When the body demands a downshift
It’s been a whole three months since I’ve written to you – not that anyone was counting but me. And, it was about pickles, not Mind Organizing, so it hardly counts. Like catching up with an old friend, I’m torn between giving you a comprehensive overview of major updates and jumping into the minutiae of what’s going on right now.
We’ll start with the most time sensitive thing: office hours are next Thursday 4/9/26 in the form of “hot seat” group coaching. You can learn more and sign up here. It’s free and spots are limited, so please nab one if you can commit to coming. If you can’t join, send it to a friend or colleague?
On to the less time sensitive stuff:
“Leah, what have you been doing these past 3 months while not emailing us?”
Well, since you asked, the word that comes to mind is retreat.
I retreated from the patterns and places I usually inhabit. I turned down the volume, released the efforts, and spent an ungodly amount of time laying. I was in actual repose. This was not a designed retreat, it came to me more than I came to it. Piece by piece, I had to let go of things that no longer felt sustainable and say yes to the little glimmers of light along the unknown paths unfolding in front of me.
When I think of retreat, I think of artists in fancy villas in Italy or rustic cabins in the woods, executives going to Hawaii or Banff to become “conscious,” or people doing downward dog in the morning and surfing in the afternoon. I do not think of myself laying on any surface that will have me.
For the past 3 years I’ve been dealing with a mysterious chronic illness. It is the type of illness Western medicine is not designed to treat. It is not life threatening, not lucrative or heroic to cure, and relates to a woman’s body-mind-spirit.
In case you are curious, here’s what my “retreat" looked like:
First I trimmed the coaching tree. I focused on supporting a handful of clients and nothing else. I didn’t consistently have the capacity to do more. Accepting that was the beginning.
I also cut out most socializing. Anything that centered around eating, drinking, or me having the energy to be somewhere at a certain time was not really in the cards.
The creative energy I did have, I channeled towards myself. Sometimes, unfortunately, that took the form of medical figuring-out. Other times, it went into life-giving projects like my Pickle Zine.
I also knew travel was part of the medicine I needed. My husband, Gab, and I finally had work flexibility that aligned (it only took seven years), so we spent January working (and laying) remote in a place known as the “Magic Island.” On the map you’ll find it marked as Florianopolis, Brazil.
I thought I was going on an adventure - of the likes I had been pining for since my pre-covid sabbatical days. No return ticket, no agenda, just a carefully packed carry-on bag and a “go where the wind blows me” attitude.
Instead, I found myself on a healing journey. One that I have yet to fully understand or integrate, but that has already had ripple effects through my body, life, and work. Florianopolis allowed even more slowing down, and in a way that didn’t feel as full of grief and tension as it did in New York.
I only knew a handful of people there, so I could introvert hard. I had the consistent presence of Gab to keep that introversion from sliding into loneliness or isolation. The lifestyle allowed me to nourish myself in ways that are much less accessible to me in New York. I found gentle foods, abundant time in nature, dance, music, massage, and ceremony. Embodied movement ceremonies, spiritual ceremonies, ayahuasca ceremonies.
New York’s energy downshifted into rhythms and warmth my body needed. I gave myself even more permission to be tired or unmotivated. It’s much easier to not feel bad about “doing” stuff when not-doing means laying on a hammock watching the shadows of leaves dance in the wind.

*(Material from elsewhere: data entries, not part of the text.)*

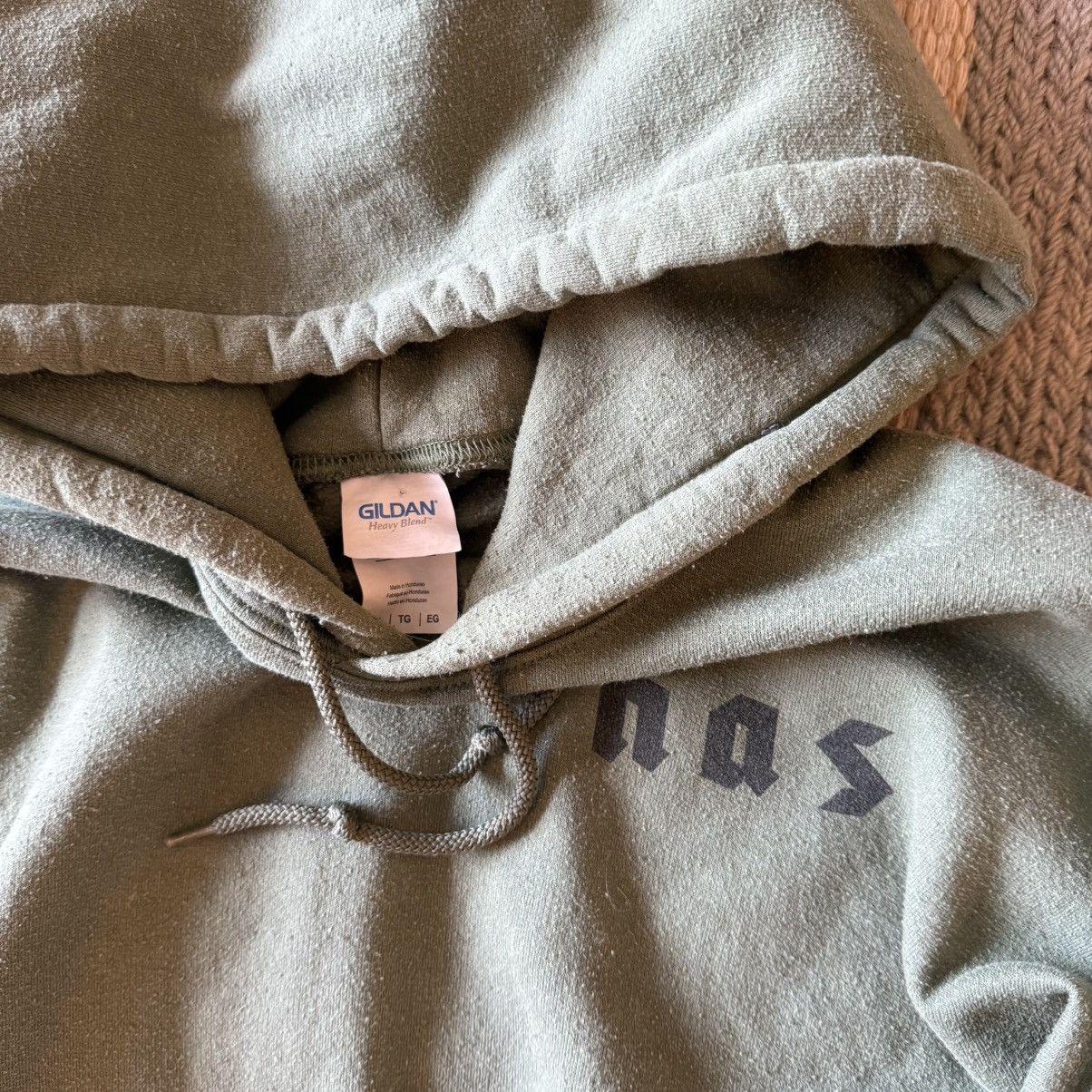 Nas Nasir Nas Olive Green Hoodie XL Size US XL / EU 56 / 4 - 3 Thumbnail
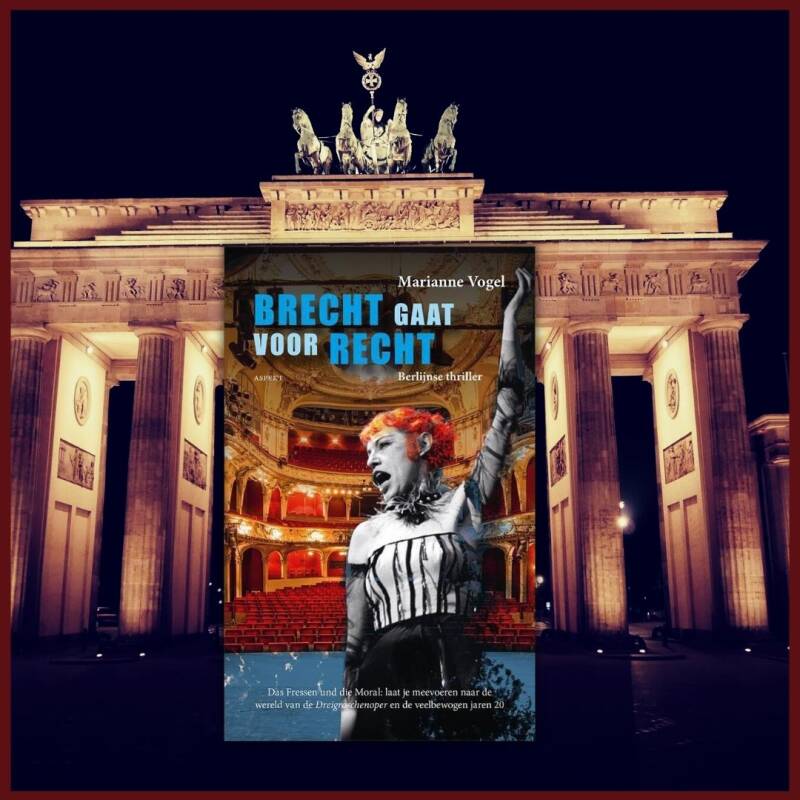 Boek Brecht gaat voor recht van Marianne Vogel.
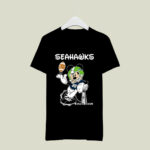 Mickey Mouse Seattle Seahawks 3 T Shirt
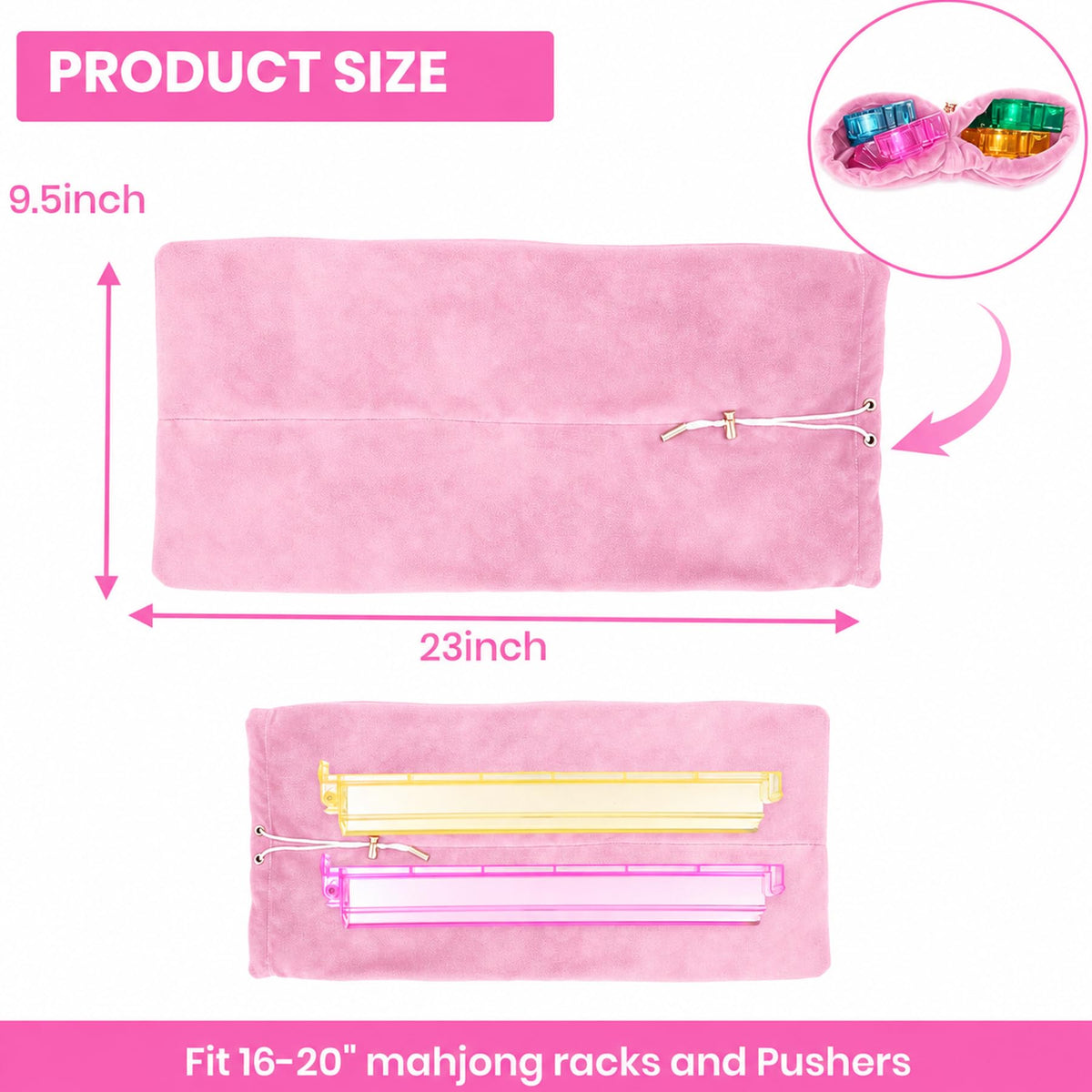 Mahjong Rack Storage Bag with 4 Dividers O8689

I’ve come back slowly, with an intent to keep as much of the sacred space, supports, and rhythms I found while retreating. Some weeks I’m better at that than others, but it’s going. My health seems to be continuing in the direction of more vitality and less fragility. My creative and coaching practices are shooting new buds, but if they weren’t, that would be ok too. In the case of Brain Massages and Group Coaching, it feels like a stem that is growing after being cut back over the winter. It survived and that alone is something. It may grow into a new shape or shoot, but I feel connected and committed to it in a deeper way than ever before.